Indian Ocean earthquake
The 2004 Indian Ocean earthquake was an undersea earthquake of moment magnitude 9.0 that struck the Indian Ocean off the western coast of northern Sumatra, Indonesia on December 26, 2004 at 00:58:50 UTC (or 07:58:50 local time in Jakarta and Bangkok). It was the largest earthquake in the world since the 9.2-magnitude Good Friday Earthquake which struck Alaska, USA, in 1964, and the fourth largest since 1900.
The quake was initially reported as magnitude 6.8 in the Richter scale. On the moment magnitude scale, which is more accurate for quakes of this size, the earthquake's magnitude was first reported as 8.5 by the United States Geological Survey, but after further analysis they increased this first to 8.9 and then to 9.0.

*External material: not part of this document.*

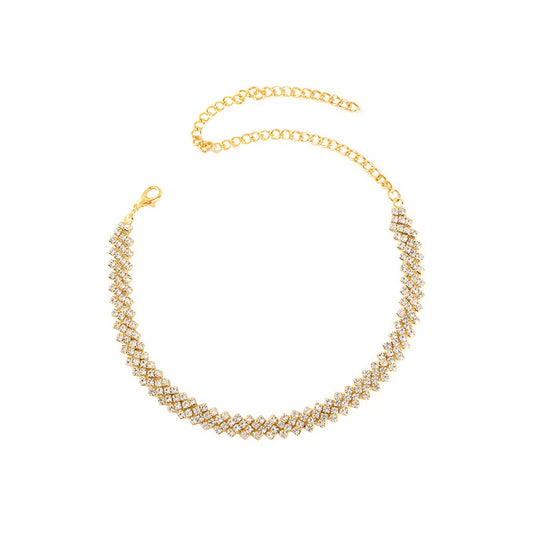 Aurora Full Crystal Choker Necklace – Korean Style Minimalist Statement Collar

For comparison, the largest recorded earthquake was the Great Chilean Earthquake of 1960, having a magnitude of 9.5. The only other larger quakes worldwide since 1900 were the 1964 Good Friday Earthquake (9.2) and a March 9, 1957 quake in the Andreanof Islands (9.1), both in Alaska, USA. The only other recorded 9.0 magnitude earthquake, in 1952 off the southeast coast of Kamchatka, U.S.S.R., spawned tsunamis that caused extensive damage in Kamchatka, the Kuril Islands and the Hawaiian Islands.
Tenthousands of people have lost their lives. Millions have lost family members, their home and their belongings. Facts and figures cannot describe the tragedy that took place in these countries on December 26.